I have checked. In the game there are also side views of the heads (including the different mouth shapes), so in theory it could be possible to alternate the front view and the side view. For example a non-speaking character could turn his head to watch the speaking character.
But I wonder if we really need this, because it’s beginning to look a lot of additional work for you.
I like hearing the ideas nonetheless. Some things might be easier than others, but much of this optimization will take a back seat to get the full automation flow going so I can just press the button for each podcast - which is my first priority.
This is a fun project for me, and as long at remains mostly fun and educational for me, I certainly can make a strong argument to myself for making time for it.
The other person really putting a lot of time into this whole effort is @Sushi. That work is a key element to these animated podcasts, because it provides the critcal data of who is speaking, and the accurate spoken text. He’s edited, cleaned up, and annotated the first 7 podcasts so far. I’m hoping to leverage more of the items he’s added, such as annotations and “best of” highlights, in the animations at some point. I’m guessing he’s put many hours of effort into the transcripts. His effort has certainly inspired me. Hopefully we can get others to help with the podcast transcriptions, including myself.
Actually in the kickstarter, the head of Gary wobbles while talking. But personally, I’d prefer a simple bobbing. Which means of course you should add static shoulders&necks
Ahahah sorry it was love for the work and the effort you put in, nothing personal
Yes, it’s the option that I mentioned in my post. I wonder if providing the text to Rhubarb would also help with the issues at the beginning of the video (but it could also make it worse, because Rhubarb could try to match the first written words with the music audio).
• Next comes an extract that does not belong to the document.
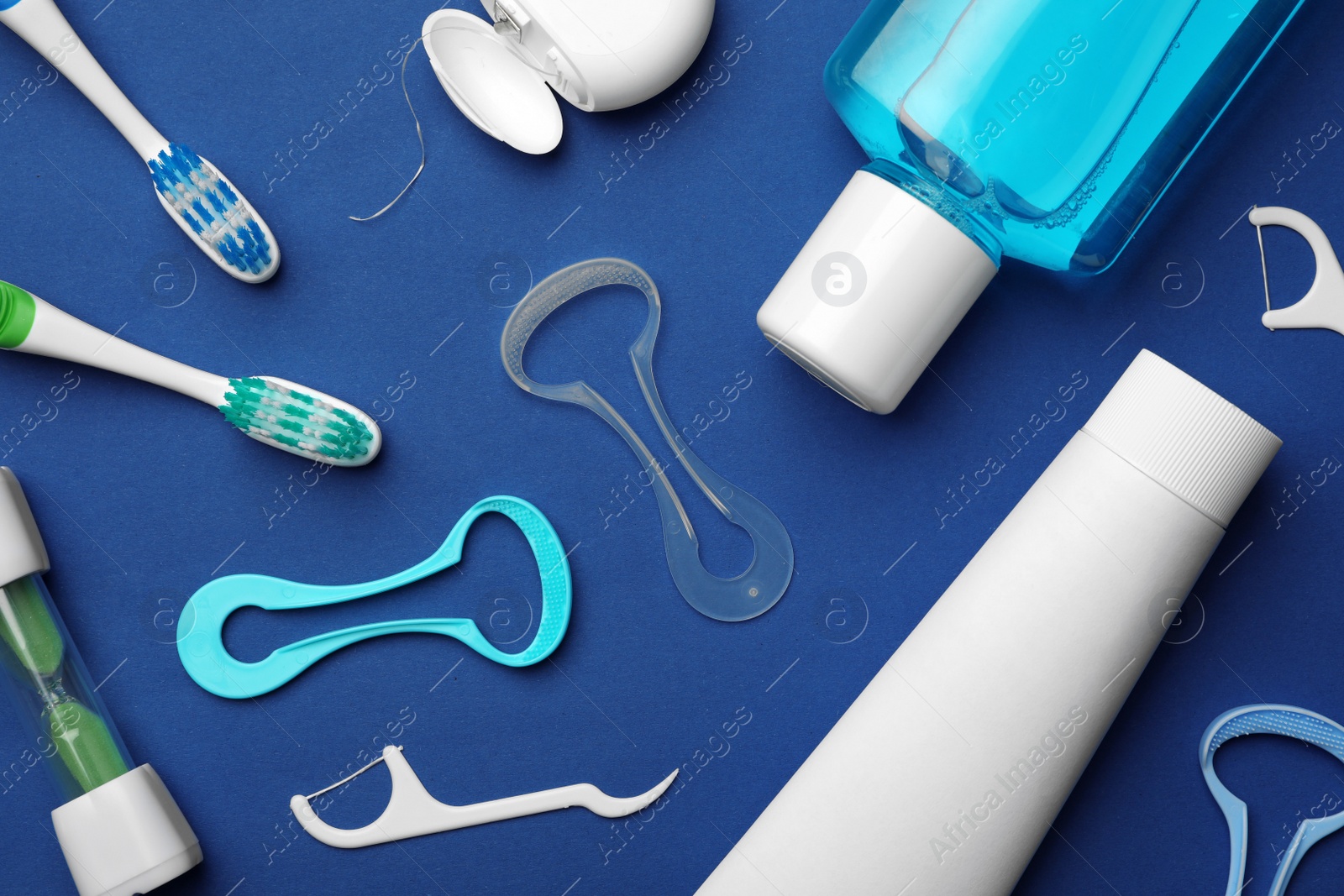 Photo of Flat lay composition with tongue cleaner on color background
In the weekends, I could help with polishing the captions created by YouTube and attributing the sentences to the correct speakers, but I wouldn’t be able to add interesting notes as Sushi does.
@Sushi : do you think that the kind of activity that I just described could help you in any way?
But the heads would be still static. I’m not sure if this would be worth the effort.
Yes, I agree!
What kind of movements would you like the characters to make?
Like in Monkey Island 2 (the characters “nod” with the head while speaking):
Oh, then I can do that. I could take the “straight” versions of the heads and rotate them, like in MI2.